The March 2, 2022 agreements required cash settlement of the convertible debt (including the embedded conversion feature) and net cash settlement of the warrants and bond hedge call options for individual settlement amounts, each settlement amount is determined (in part) on the basis of changes in estimated VWAP between March 3, 2022 and March 29, 2022.
On March 31, 2022, the Company (1) paid $174.5 million in cash to repurchase the majority of the convertible debt that the holders agreed to be repurchased, (2) paid $55.1 million in cash to settle the warrants, and (3) received $72.4 million in cash to settle the bond hedge call options, subject to the March 2, 2022 agreements. Additionally, on April 1, 2022, the Company paid $24.6 million in cash to repurchase the remaining portion of the 2023 partial repurchase of the convertible notes.
Derivative Accounting
Prior to the repurchase of the convertible notes on March 2, 2022, the embedded conversion feature, the bond hedge call options, and the warrants were considered to be indexed to the Company’s own equity under ASC 815-40-15 and met the equity classification conditions in ASC 815-40-25. They met the ASC 815-40 derivative scope exception and did not require derivative accounting (including the embedded conversion feature which was not bifurcated from the host debt instrument).
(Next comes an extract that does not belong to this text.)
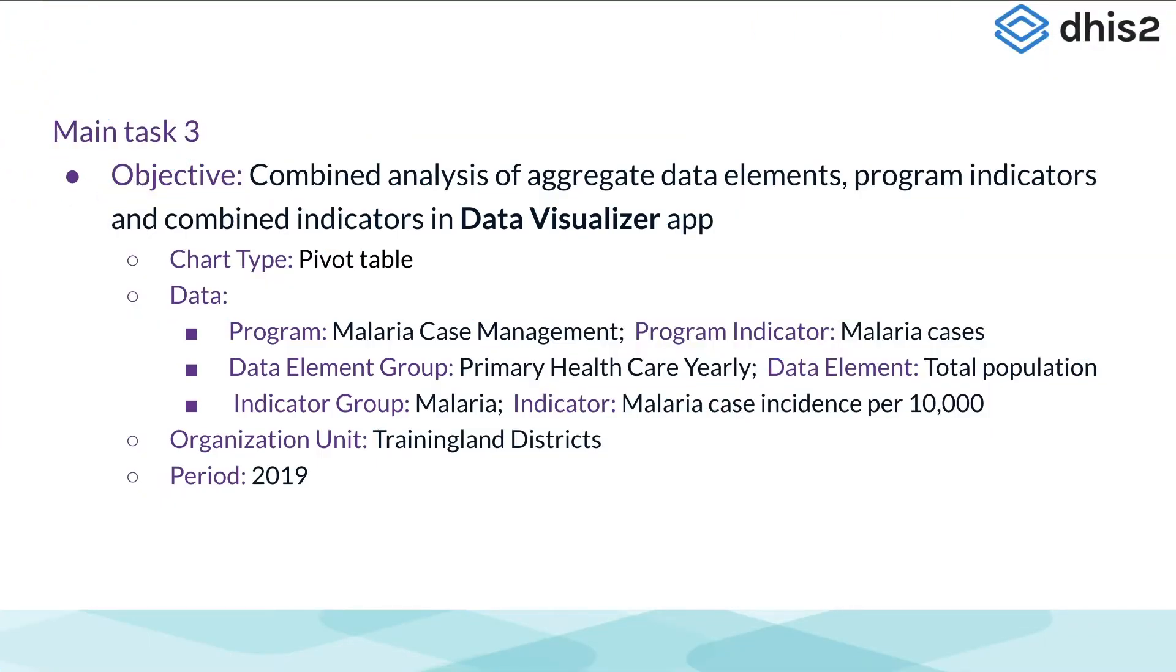For our third example, we will create a pivot table again to view data from an event program and an aggregated data set together. The Data Visualizer app allows us to do this.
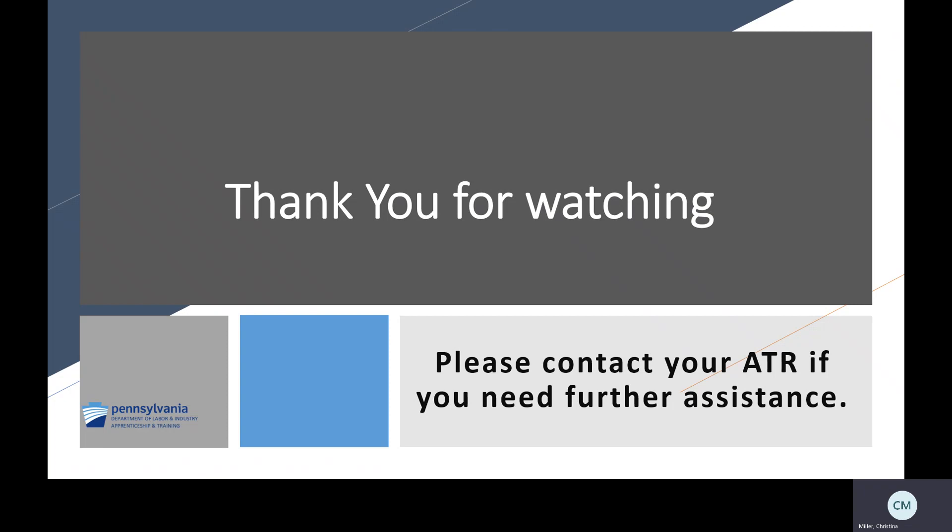If for any reason that does not work, you can please contact your ATR for further assistance, and they'd be happy to walk you through the steps you need to complete whatever it is you were trying to do in RAPIDS. Again, thank you for watching today, and enjoy the rest of your day.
However, since the March 2, 2022 agreements required cash settlements, the conversion feature, the bond hedge call options, and warrants no longer met the equity classification conditions in ASC 815-40-25 to qualify for the ASC 815-40 derivative scope exception as of March 2, 2022. Therefore, an equity derivative embedded in the convertible notes subject to the March 2, 2022 agreement was bifurcated and the bifurcated equity derivative, the bond hedge call options and warrants were required to be accounted for as derivatives measured at fair value upon entering into the repurchase and settlement agreements on March 2, 2022, with subsequent changes in fair value recorded in earnings by the Company. The settlement amount related to the bifurcated equity derivative, the bond hedge call option, and the warrants was determined on March 29, 2022. The bond hedge call option and warrants were settled in cash on March 31, 2022. The Company settled the majority of the convertible debt that the holders agreed to be repurchased on March 31, 2022 in cash and settled the remaining portion of the convertible debt subject to the March 2, 2022 agreement on April 1, 2022 in cash.
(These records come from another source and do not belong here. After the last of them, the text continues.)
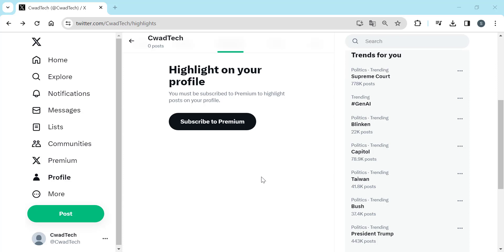Welcome to our comprehensive tutorial on enabling the quality filter in Twitter. In this video, we walk you through the simple steps to elevate your Twitter experience by filtering out unwanted or low-quality content.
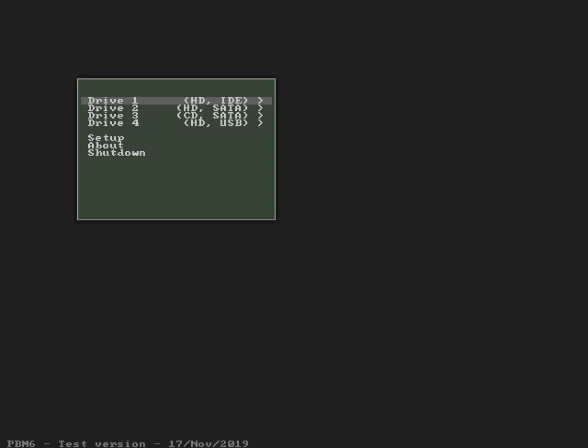Moving down to the next menu entry: hard disk SATA. Moving down to the next menu entry: CD SATA. Moving down to the next menu entry: hard disk USB.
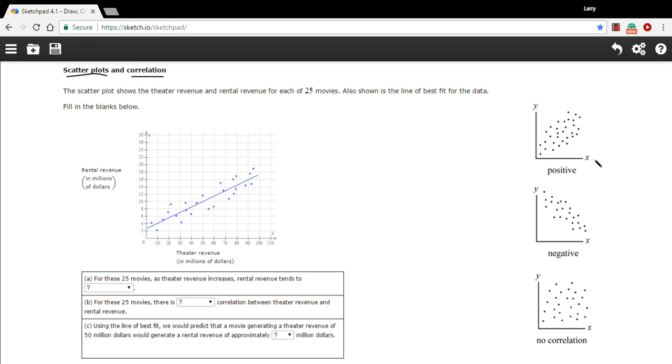This is another example of a scatter plot that shows a positive correlation. So even though these dots are kind of spread out into a little cloud, generally as they go to the right they go up, so that's a positive correlation.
Loss on Fair Value Adjustment of Derivatives, Net
Upon entering into the 2023 notes partial repurchase on March 2, 2022, the bifurcated embedded equity feature, the bond hedge call options and warrants, were subject to derivative accounting. Consequently, the Company determined their fair values on March 2, 2022 using a Monte Carlo simulation model, which included an assumption based on the VWAP of the Company’s stock price between March 3, 2022 and March 29, 2022.
Upon the settlement of the 2023 notes partial repurchase, the conversion feature, the bond hedge call options, and warrants were valued at their fair value of $172.6 million, $72.4 million and $55.1 million, respectively.
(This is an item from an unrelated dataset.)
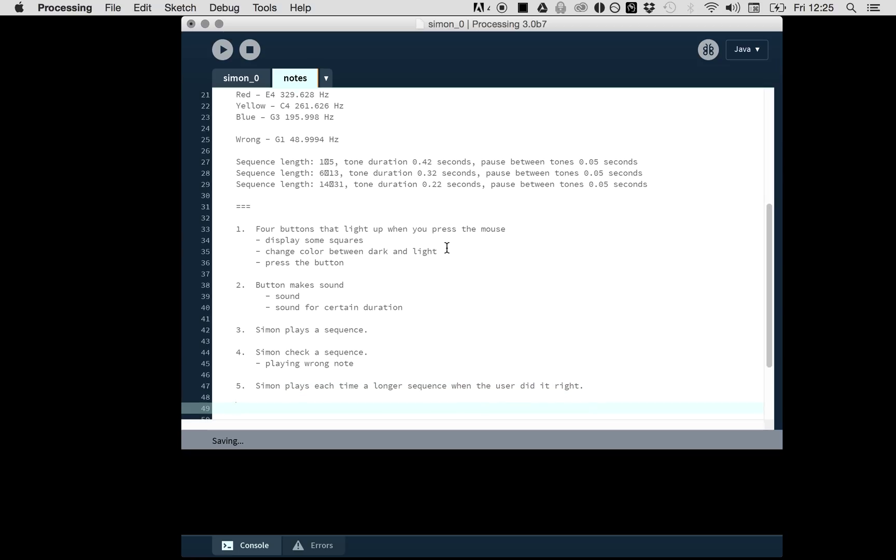It's really important before you start programming that you think about what the functionalities are and what are the steps that you want to program. I think this is the basic infrastructure. We'll come into some in-between steps later on, but this is the basic structure. So let's start with that.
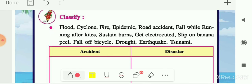Next, a classification is given: classify the given events into accidents or disasters. Flood is a natural event, so it is a disaster. Cyclone is also a disaster. Fire may burst because of a person's blunder or mistake, so it is an accident. Epidemic is again a disaster. Road accident — the name itself suggests it is an accident. Fall while running after kites is also an accident.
The difference between the cash settlement value on March 29, 2022 and fair value on March 2, 2022 represents the loss on the fair value adjustment of the derivatives. Consequently, the Company recorded a net loss on fair value adjustment of $8.3 million.
***
Please contact the undersigned at (408) 462-8000 if you have any questions or require further information regarding this matter.
Very truly yours, |
/s/ Keith Jones |
Keith Jones, |
Vice President, Finance and |
Interim Chief Financial Officer |
Rambus Inc. |
cc: | Luc Seraphin, Chief Executive Officer, Rambus Inc. |
John Shinn, Senior Vice President, General Counsel & Secretary, Rambus Inc.
Meera Rao, Chairperson of the Audit Committee of the Board of Directors, Rambus Inc.
Michael E. Coke, Wilson Sonsini Goodrich & Rosati, P.C.
Amanda Urquiza, Wilson Sonsini Goodrich & Rosati, P.C.